Both ends and the middle
The New York Times notes the inconvenient truth. Barack Obama's plan to enlist Pakistan in the fight against al-Qaeda in exchange for improving its relations with India has become one of the potential casualties in Mumbai.
The terrorist attacks in Mumbai occurred as India and Pakistan, two big, hostile and nuclear-armed nations, were delicately moving toward improved relations with the encouragement of the United States and in particular the incoming Obama administration.
Those steps could quickly be derailed, with deep consequences for the United States, if India finds Pakistani fingerprints on the well-planned operation. India has raised suspicions. Pakistan has vehemently denied them. ...
Reconciliation between India and Pakistan has emerged as a basic tenet in the approaches to foreign policy of President-elect Barack Obama, and the new leader of Central Command, Gen. David H. Petraeus. The point is to persuade Pakistan to focus less of its military effort on India, and more on the militants in its lawless tribal regions who are ripping at the soul of Pakistan.
A strategic pivot by Pakistan’s military away from a focus on India to an all-out effort against the Taliban and their associates in Al Qaeda, the thinking goes, would serve to weaken the militants who are fiercely battling American and NATO forces in Afghanistan.
The problem with this strategy is that it is rooted in weakness. It is the alternative that remains after all the other unacceptable alternatives have been ruled out. Going in after terror groups inside Pakistan is out. Directly intervening in the dysfunctional internal affairs of Pakistan is out. Completely starving the Jihadis of material and ideological support is out. Therefore, as Sherlock Holmes once said, "How often have I said to you that when you have eliminated the impossible, whatever remains, however improbable, must be the truth?" Which is that a West unwilling to risk fighting al-Qaeda directly must somehow find ways to convince Pakistan to combat it in its stead. It's a strategy that follows from a process of elimination. The problem is whether the desired goal itself may in the process also have been eliminated.

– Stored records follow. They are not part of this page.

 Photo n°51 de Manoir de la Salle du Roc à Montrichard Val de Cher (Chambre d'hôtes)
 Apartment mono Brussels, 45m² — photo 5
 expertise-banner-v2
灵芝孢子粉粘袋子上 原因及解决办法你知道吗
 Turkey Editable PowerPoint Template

If persuading Pakistan to fight al-Qaeda is not merely improbable but is actually impossible then enlisting Islamabad may be unattainable. Pakistan from the very beginning may have seen al-Qaeda as an indirect way of checkmating the greater power and wealth of India. By creating a threat to America in the shape of al-Qaeda, Islamabad could manipulate Washington into holding back India. The NYT notes that "according to a new book, 'The Search for Al Qaeda,' by Bruce Riedel, an adviser on South Asia to Mr. Obama, Osama bin Laden worked with the Pakistani intelligence agency in the late 1980s to create Lashkar-e-Taiba as a jihadist group intended to challenge Indian rule in Kashmir." Therefore Pakistan may have foreseen that Obama's strategy before it even occured to him. But the Obama team may have failed to draw the necessary inference. Pakistan not only anticipated that Washington would come knocking at its doorstep but actually arranged for things to work out that way.

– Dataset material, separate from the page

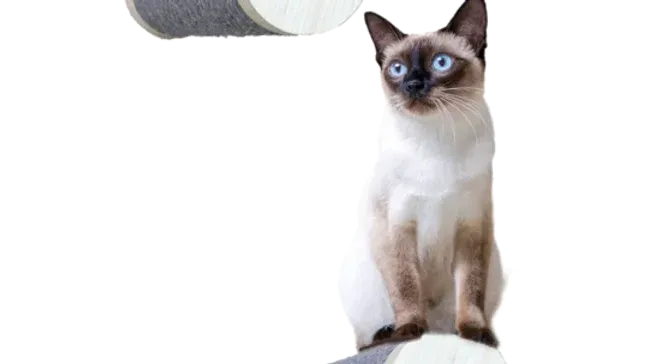 AFP Skywalk - Large Step Post Playground - 2 Pack AFP Skywalk - Large Step Post Playground - 2 Pack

Pakistan can continue to dangle the chimerical carrot in front of Obama. 'Hold back India and we will help you with Bin Laden' Then they'll turn around and hit New Delhi in the face and there won't be a thing India can do about it. This dynamic was used to great effect by the late and unlamented Yasser Arafat in the Middle East. He persuaded the West to restrain Israel in order to avoid empowering the radicals against the "moderates" one of which he pretended to be. Then he would encourage the radicals to attack Israel knowing Washington would always be on hand to restrain the Israelis. Arafat became indispensable to the radicals for his ability to hold both Tel Aviv and Washington at Bay and indispensable to Western diplomats who saw him as a bulwark against the radicals. In reality he was playing both ends against the middle and managed to see his stock rise in both camps even as he betrayed them by turn. This evil murderer was awarded the Nobel Peace prize in 1994. How could anyone be so diabolically cunning? How often did Sherlock Holmes say that when you have eliminated the impossible, whatever remains, however improbable, must be the truth?